Sunday, July 12, 2009

Full throttle: Motocycles, dragsters and model airplanes

Rob Black pulls up the plane's nose and puts it into a hover position, making it perform almost like a helicopter.

Story and photo by Bruce Thorson

July 10, 2009, Alliance, Neb: Rob Black is crazy about planes, radio controlled model airplanes that is. Rob, 48, has been flying for about eleven years.

Before his aircraft habit, he rode drag racing motorcycles. Then, he moved on to racing dragsters. He said he needed a change, a change that would bring about the opportunity to stay closer to home with his hobby and one that isn't so expensive.

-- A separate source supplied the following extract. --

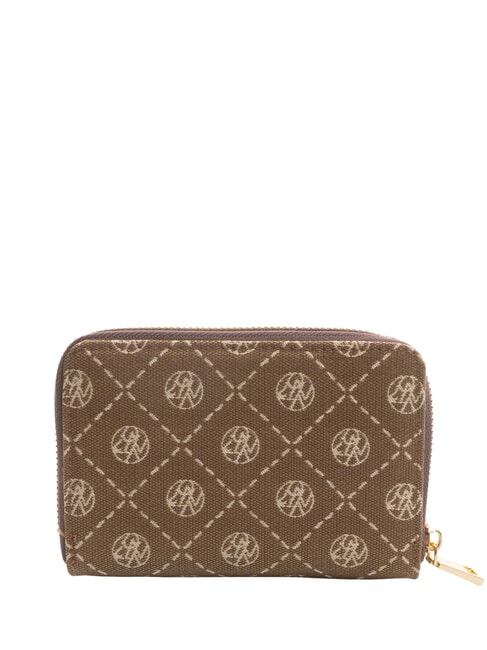 ROMANCE Mittelgro&szlig;e Geldb&ouml;rse mit Rundum-Rei&szlig;verschluss Mandel - Brieftaschen Damen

He helps maintain the airpark for model aircraft located near the Alliance airport.

I spotted him flying his Extra 260, a stunt airplane. It's about 35 percent of the full-size version and his model has a 104-inch wingspan. I had wanted to fly a radio-controlled airplane since I was a kid.

I enjoyed watching him fly his plane. He could get it to perform all types of maneuvers--fly upside down, on its side, loops, barrel rolls and many more. "It takes an enormous amount of concentration," he said.

You see, when the pilot is standing on the ground--the plane going in many different directions from the pilot--left isn't always left, right isn't always right and so forth.

Rob has worked for Burlington Northern Santa Fe railroad for about 30 years. Right now he's one of the lucky ones as the economy has forced BNSF to layoff over a hundred employees here.

"The economy hasn't really affected me, not directly," he said. "God has been good. He's blessed me with my health, my job, money, His love and mercy," Rob said.